The now-rescinded Strategy was the first to be developed in NT, and included plans for fixed wireless connections as part of the National Broadband Network (NBN) rollout, guidelines for Government websites, and plans for a coordinated eLearning approach and technology platform for the NT public sector, according to the Department of Business and Employment (DBE) 2011-12 Annual Report.
Expanding NT’s ICT industry and investment in new technologies was another key component of the ICT Discussion Paper, with a focus on industry growth and workforce participation. Currently, NT has the lowest ICT job growth rate in the nation. The Territory industry experienced 0.2 percent growth from 2003-2010, compared with 35 percent in NSW.
The Mills Government’s 2012-13 Mini Budget, released in December 2012, sheds some light on what its ICT policies might look like.
The document foreshadows a potential expansion of ICT expenditure to support significant fiscal savings measures in other areas across the NT public sector.

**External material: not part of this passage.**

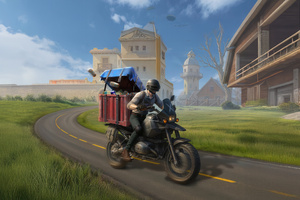 Pubg Chicken Dinner Delivery (5120x2880) Resolution Wallpaper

Savings measures outlined by former Treasurer Robyn Lambley include a “focus on capitalising on benefits and efficiencies available from the centralised shared services model that provides cross-government services”.

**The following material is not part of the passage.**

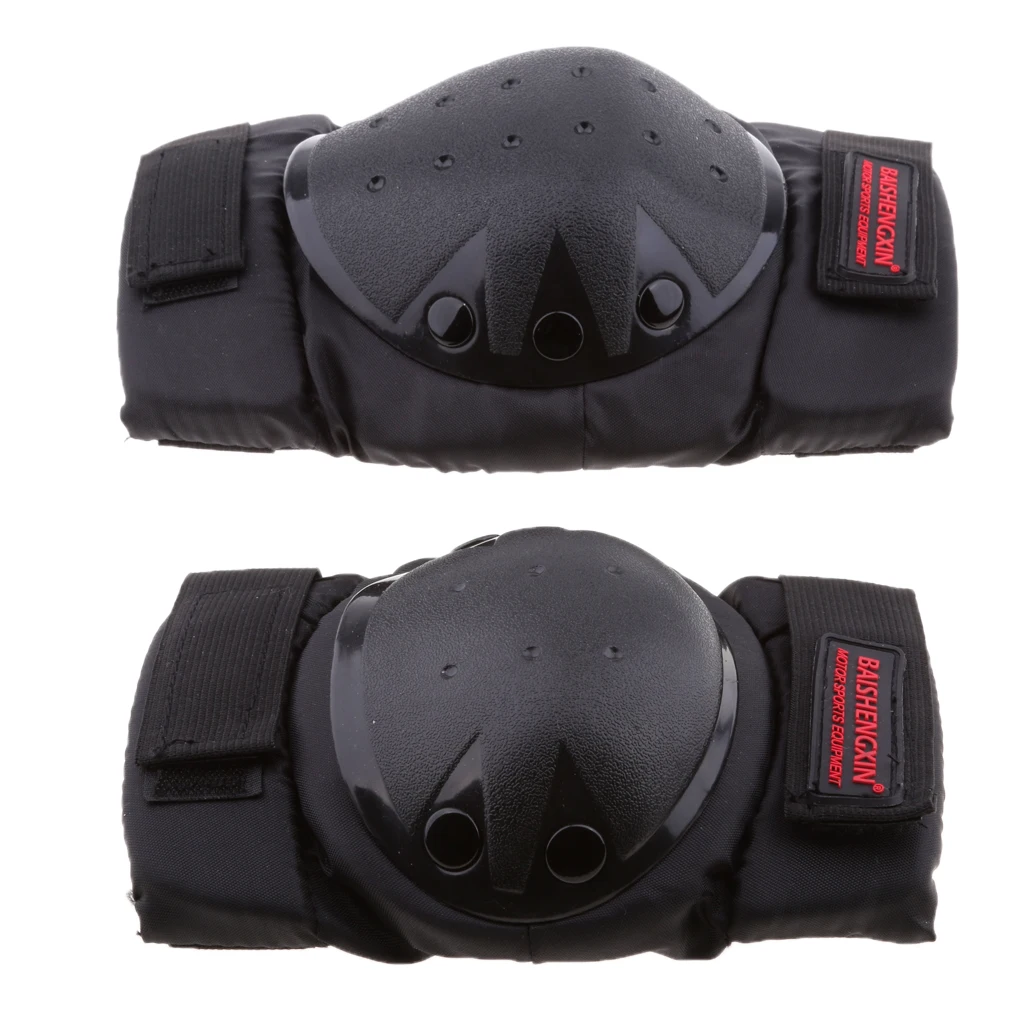 2 комплекта мотоциклетных наколенников для гонок наколенники голени Защитные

A shared services structure is already in place in the Territory, managed by the Department of Treasury and Finance. Its scope includes financial and human resource administration, procurement and IT services.
A total of around $21.72 million is allocated to Treasury in the Mini Budget for the operation of ICT shared services in 2012-13, representing a nominal increase on shared service provisions in the 2012-13 Budget.

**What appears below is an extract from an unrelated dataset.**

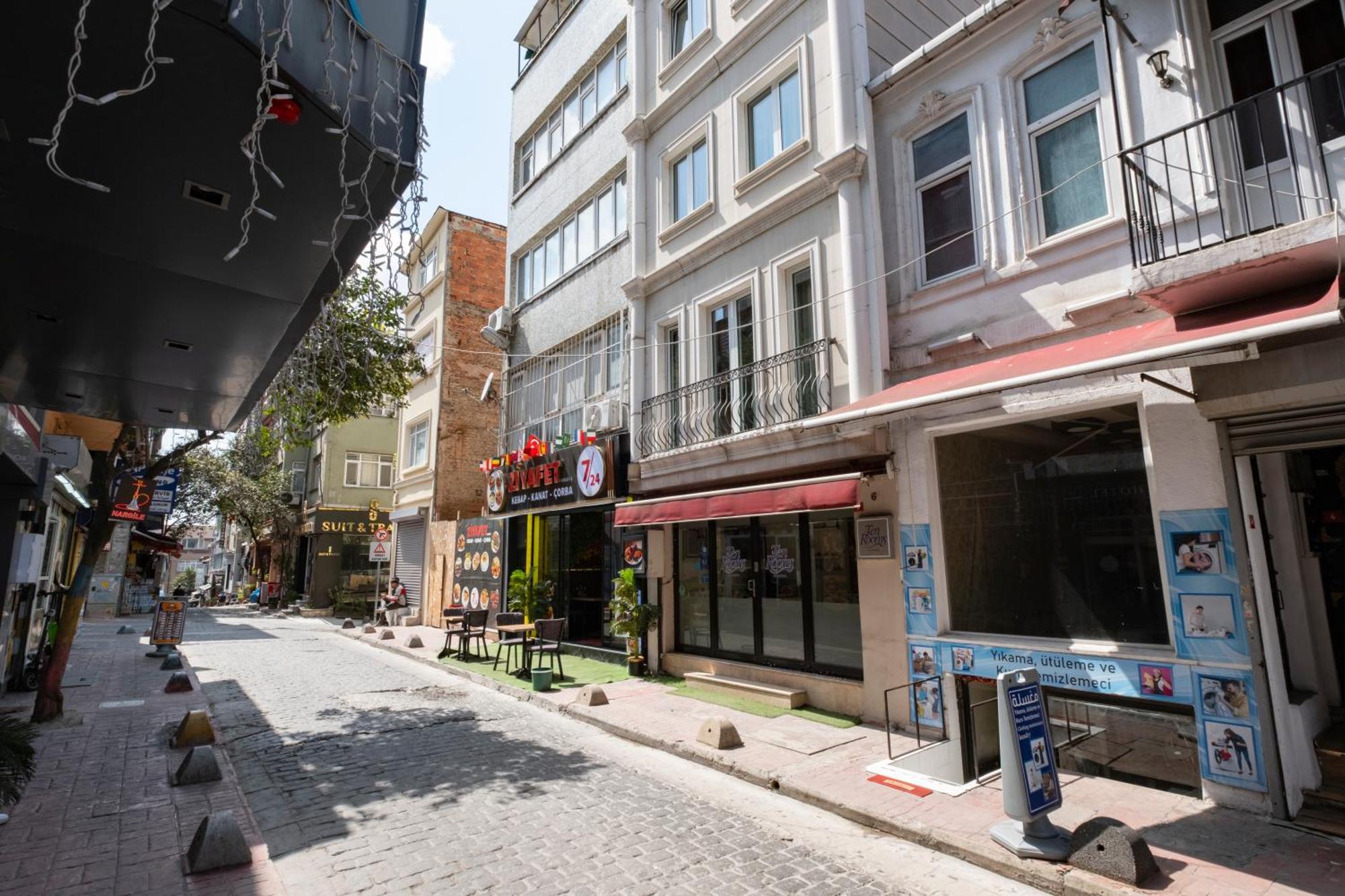 Ten Rooms Istanbul Hotel (Adults Only) Esterno foto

Based on a breakdown of its operational expenditure budget, Intermedium estimates that NT will spend roughly $120.64 million on ICT in 2012-13.
Of this, it has been estimated that $28 million a year, or around $85 million over three years, goes through whole-of-government ICT contracts, according to the Australian Computer Society (ACS).
The Mini Budget also contained an allocation of $3.88 million for key ICT Systems in 2012-13, although the specific recipients of this funding are not identified.
Significant ICT funding initiatives identified by Intermedium’s Budget IT tool in the NT’s last full Budget include:
- $11 million to the Department of Construction and Infrastructure for a whole-of-government Asset Management system, with $4 million to be spent in 2012-13;
- $2.38 million to the Department of Education and Training for a Student Administration Management system;
- A new Territory Revenue Management system, costing $2 million over four years, by the NT Treasury; and
- $1.3 million to Darwin Port Corporation for a Port Management system.
Since the election, machinery of government changes have also taken effect which will see authority for ICT move from the Department of Business and Employment to a newly established Department of Corporate and Information Services.
John Elferink has assumed authority for ICT as the Minister for Corporate and Information Services, following the cabinet reshuffle on 7 March 2013.
Update 18 March 2013: Adam Giles, the new Chief Minister of NT, has regained the Corporate and Information Services portfolio and is now in charge of overseeing Territory ICT.